Ways With Words 2012: Belle de Jour talks sex

Dr Brooke Magnanti, aka call girl Belle de Jour, talked at Ways With Words 2012 on Rihanna, internet pornography and why "if you're a bit of a slag you might as well get paid for sex"

Dr Brooke Magnanti at Telegraph Ways With Words Festival 2012
Dr Brooke Magnanti at Telegraph Ways With Words Festival 2012 Credit: Photo: Jay Williams

Pink clothing for girls should alarm parents as much as the sexualised behaviour of pop stars like Rihanna, according to the author known as Belle de Jour.

Dr Brooke Magnanti, who became famous for writing an anonymous blog about her life as a prostitute, said parents should not be too worried about scantily-clad singers or salacious lyrics.

Rihanna’s provocative routines and stage costumes have been deemed unsuitable for children, with more than 2,000 viewers complaining about performances she and fellow singer Christina Aguilera gave on The X Factor.

Dr Magnanti, whose blog was dramatised by Billie Piper in ITV series Secret Diary of a Call Girl, ridiculed the idea that Rihanna was “out to corrupt everyone’s children and grandchildren”.

Speaking at the Telegraph Ways With Words literary festival, the 36-year-old said: “I’m not a parent but I don’t think I would feel uncomfortable seeing Rihanna on television if I had a daughter. Yet I cringe massively when I go into children’s clothing sections and everything for girls is pink.”

She added: “One of the things I find a little bit worrying is this assumption that children aren’t sexualised anyway, and shouldn’t be. It is part of growing up.

“Children do gradually transition out of being children. When you look at children between nine and 12 years old, that’s probably the region in which you start to have those questions anyway.”
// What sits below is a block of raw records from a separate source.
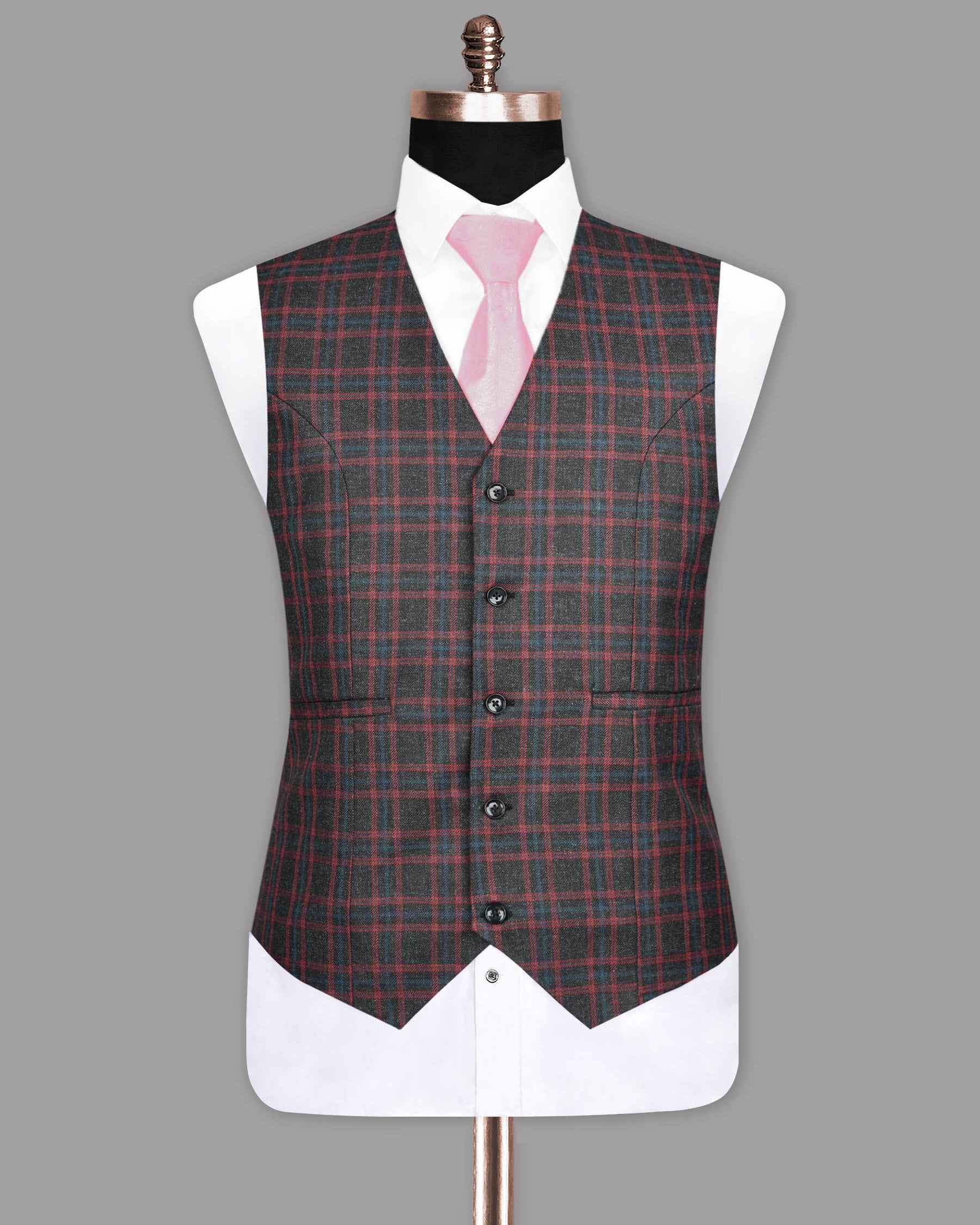 Piano with Mexican Red Plaid Waistcoat V1107-60, V1107-36, V1107-38, V1107-40, V1107-42, V1107-44, V1107-46, V1107-48, V1107-50, V1107-52, V1107-54, V1107-56, V1107-58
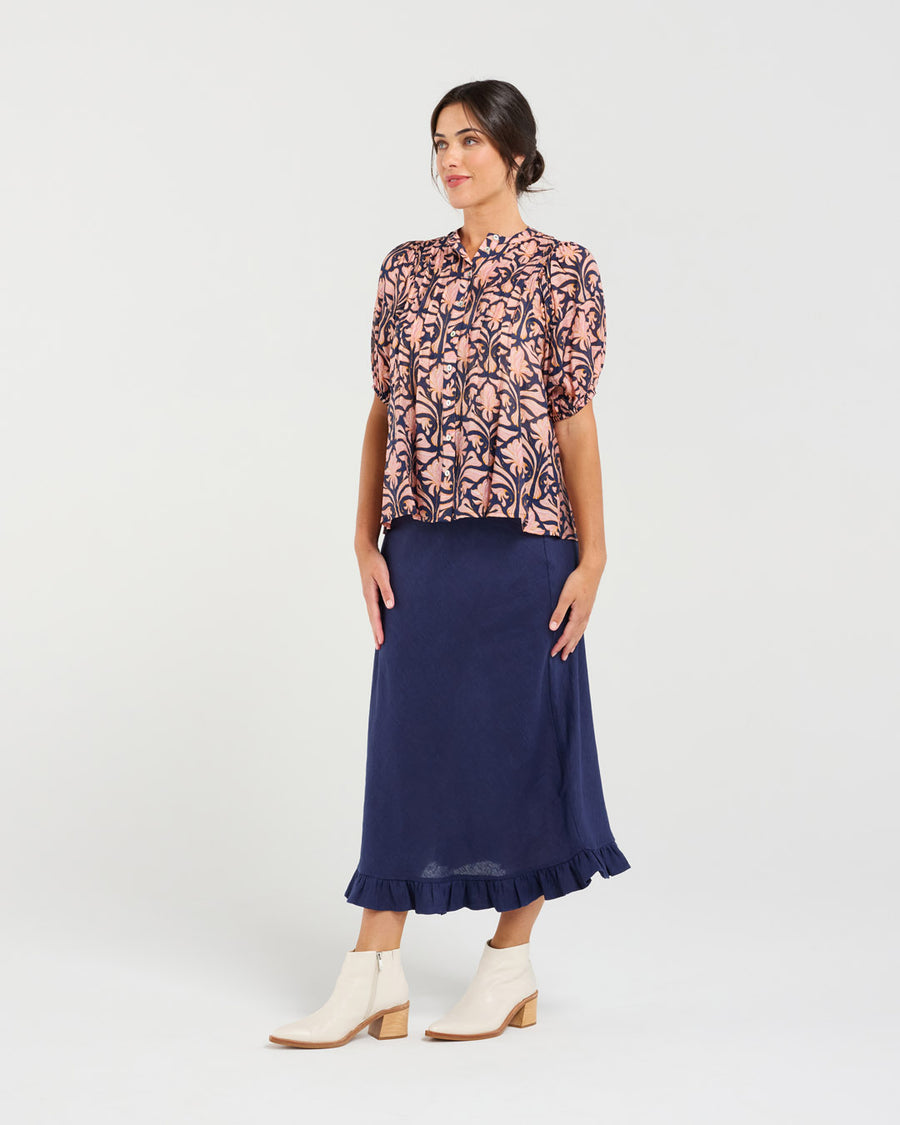 Bridget Pintuck Shirt | Ink | Blackstone
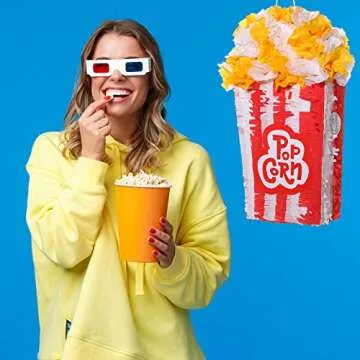 3D Popcorn piñata Carnival Movie Night piñata Red White Popcorn Bags piñata Movie Party Favors with Stick Blindfold Confetti Set for Movie Theme Party Circus Theme, Birthday Party Supply, 16 x 9 inch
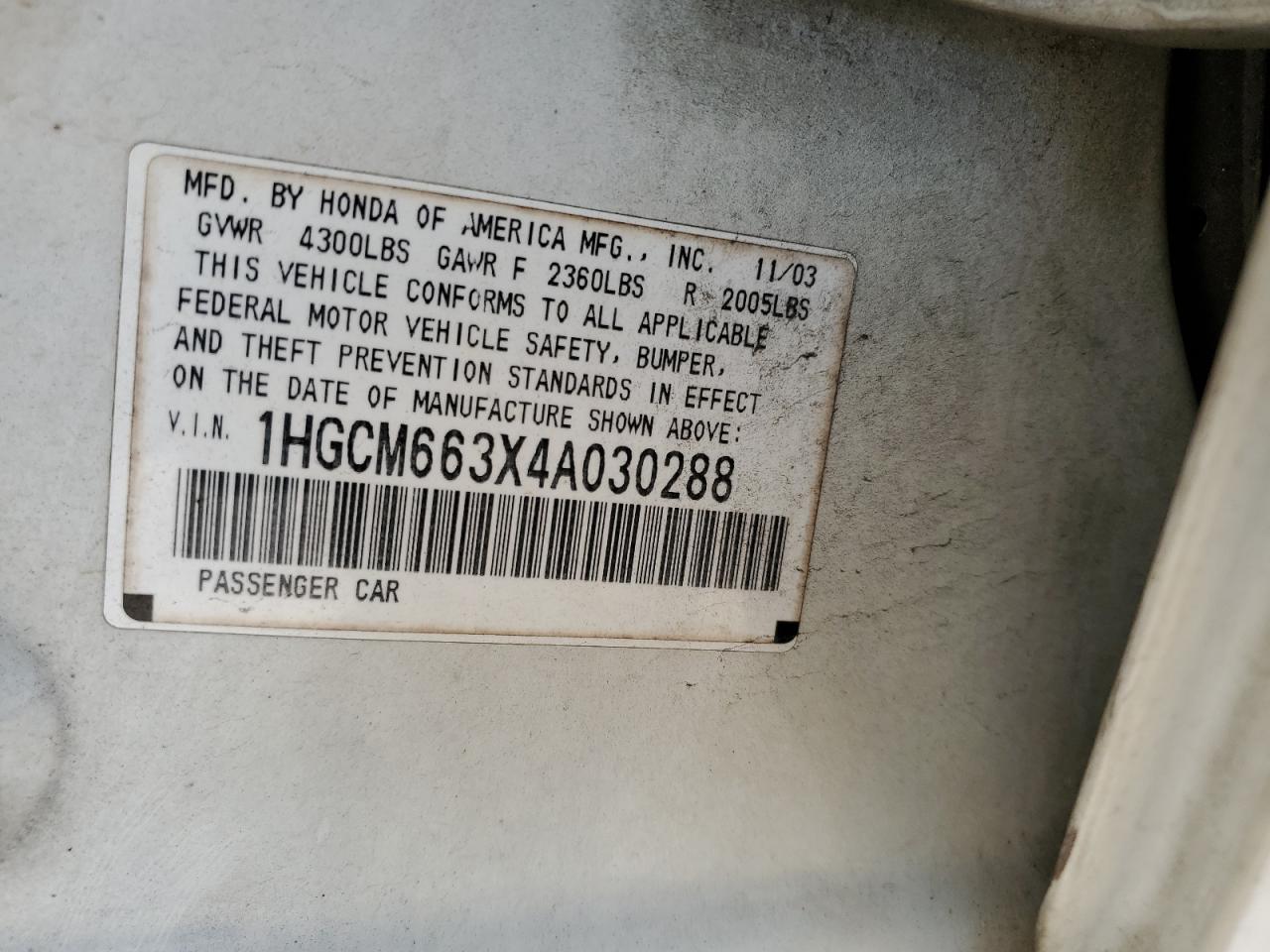 2004 Honda Accord Lx VIN: 1HGCM663X4A030288 Lot: 80538935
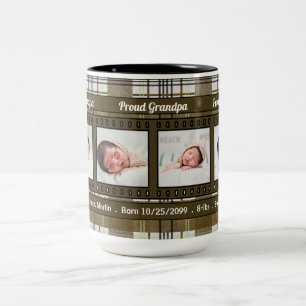 Proud New Grandpa 4 foto's in Brown Tweekleurige Koffiemok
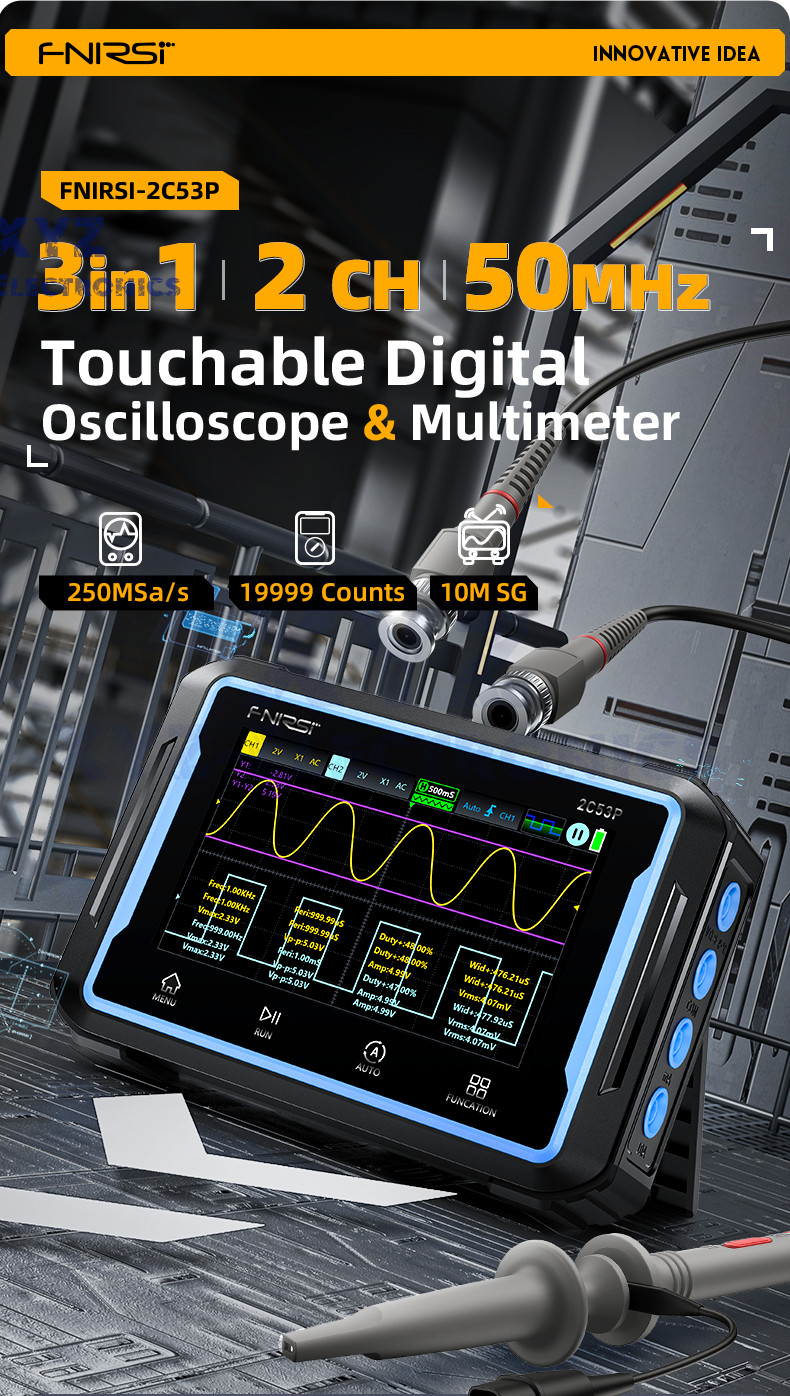 FNIRSI 2C53P Handheld Digital Oscilloscope Multimeter Signal Generator IPS Touch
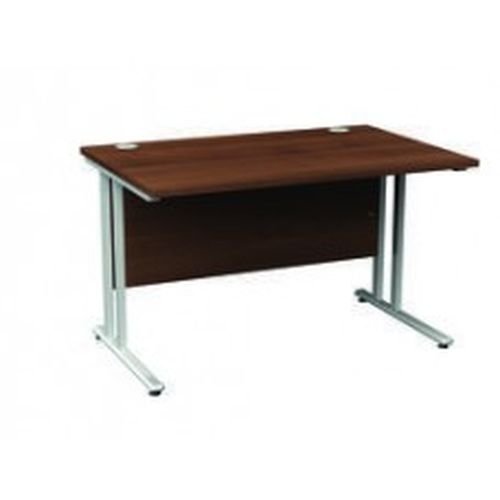 Maestro 25 Sl Silver Double Upright Cantilever Desk 1400W X 600D Walnut 25mm Top 18mm Back Panel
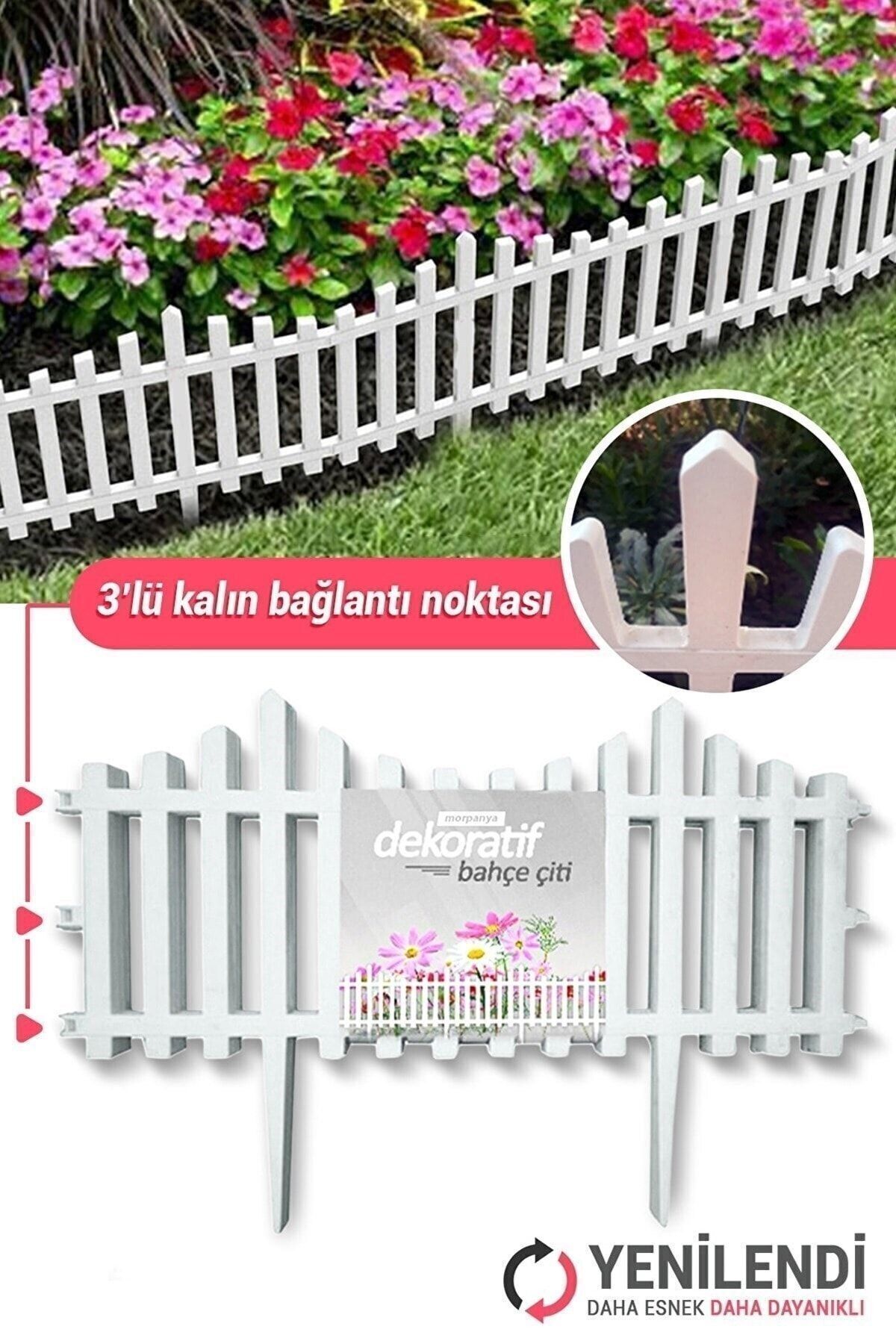 Dekoratif Bahçe Çiti Bordür Kırılmaz Plastik Çit 10 Adet Peyzaj Koruma Panel Beyaz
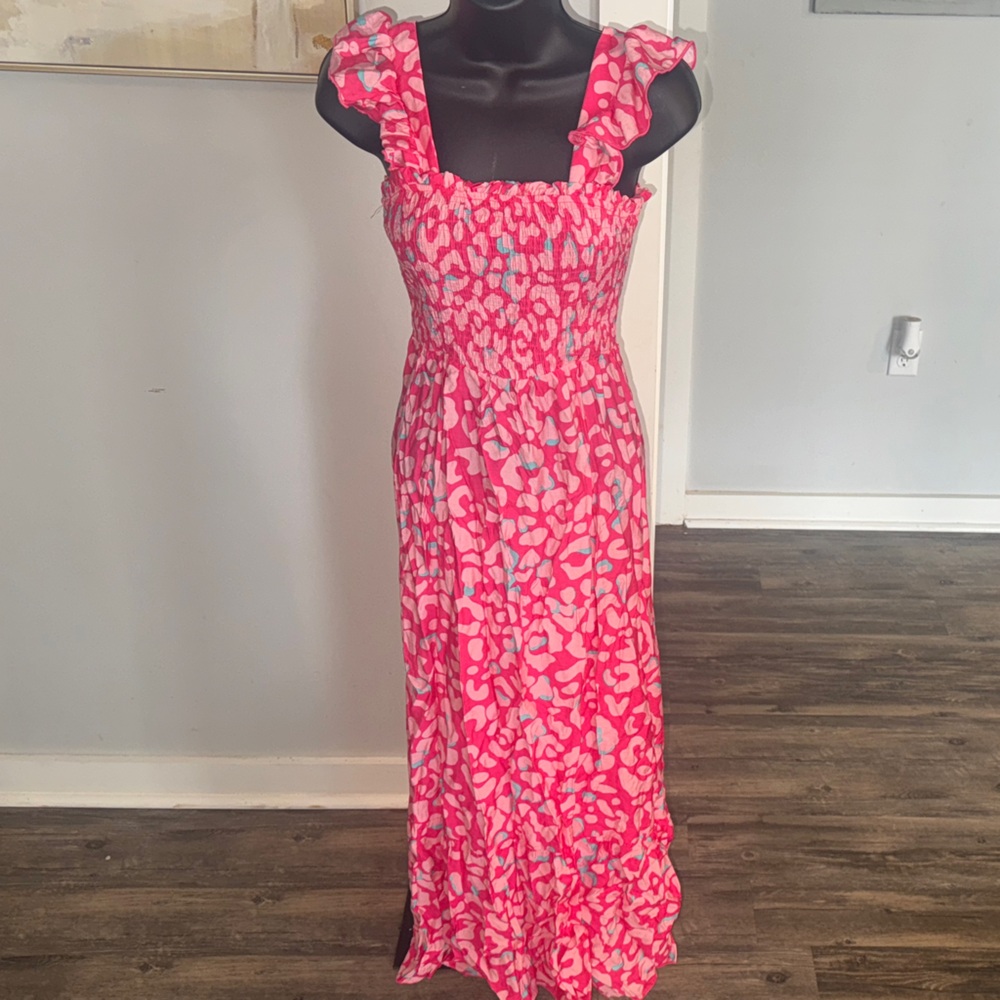 Pink and White Patterned Dress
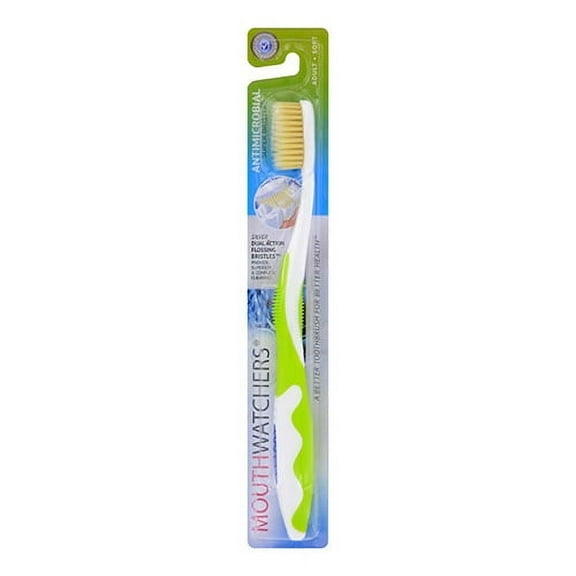 DOCTOR PLOTKA'S MOUTHWATCHERS Soft Flossing Toothbrush, 1 Green Manual Toothbrush for Adults, Ultra Clean, Good for Sensitive Teeth and Gums, By Dr. Plotka's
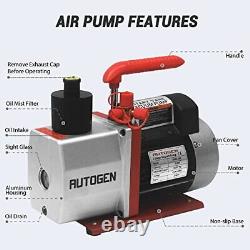 AUTOGEN 2-Stage Air Vacuum Pump 7CFM 0.3 Pa for HVAC/Auto AC Refrigerant 7CFM2S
Dr Magnanti suggested that every generation had a Rihanna figure: “It’s something I would like to hear more about from older generations – have things changed, or has this concern about particular individuals always existed and the only thing that’s changed is what they happen to be wearing?

“Among my contemporaries in the United States, it was Phoebe Cates’s breasts in [1982 film] Fast Times at Ridgemont High that was the sexualising image for a generation of 12-year-old boys.”

Dr Magnanti, who is promoting her latest book, The Sex Myth, said: “Another worry about this debate is that we seem exclusively focused on the idea that sexualised imagery is harming how people see girls and women, and making potential criminals out of boys.

“That really does young men down, actually – to assume this kind of imagery will turn them into potential rapists or sex addicts.”

One of the ‘myths’ Dr Magnanti explores in her book is the idea that the web is flooded with porn.

She told her audience that government plans to restrict access to pornography sites, with parents having to “opt in” to allow the viewing of pornographic content, were doomed to failure.

“There is this danger of assuming that because people are concerned about the amount of porn and the type of porn that’s available, that it should be up to the government or the internet providers to step in and do something about it,” she said.

“What’s problematic about that, of course, is that everybody has different definitions of what they would consider too much or what they would consider offensive, so this kind of top-down approach to controlling the internet is destined to fail.

“I was not raised with the internet, I was well into my teens. There’s a very different generation coming along with much more native understanding of the technology. There’s always going to be the concern that whatever the top-down solution you might try to apply to the internet, the kids have got the skills to get around it in about a nanosecond so you’re not preventing any potentially vulnerable children from seeing it.”

Dr Magnanti, a Florida-born research scientist specialising in child health, worked as a call girl while completing her doctoral studies. She revealed her identity to a newspaper in 2009.

Asked by an audience member if there was anything morally wrong in a woman sleeping with multiple partners, Dr Magnanti replied: “As long as they’re comfortable with it, I personally don’t see a problem.

“I tend to feel the same way about sex work. The people who should not be in sex work are the people whom this would bother morally.

“Whereas if you’re someone like me who was a bit of a slag anyway, you might as well get paid.”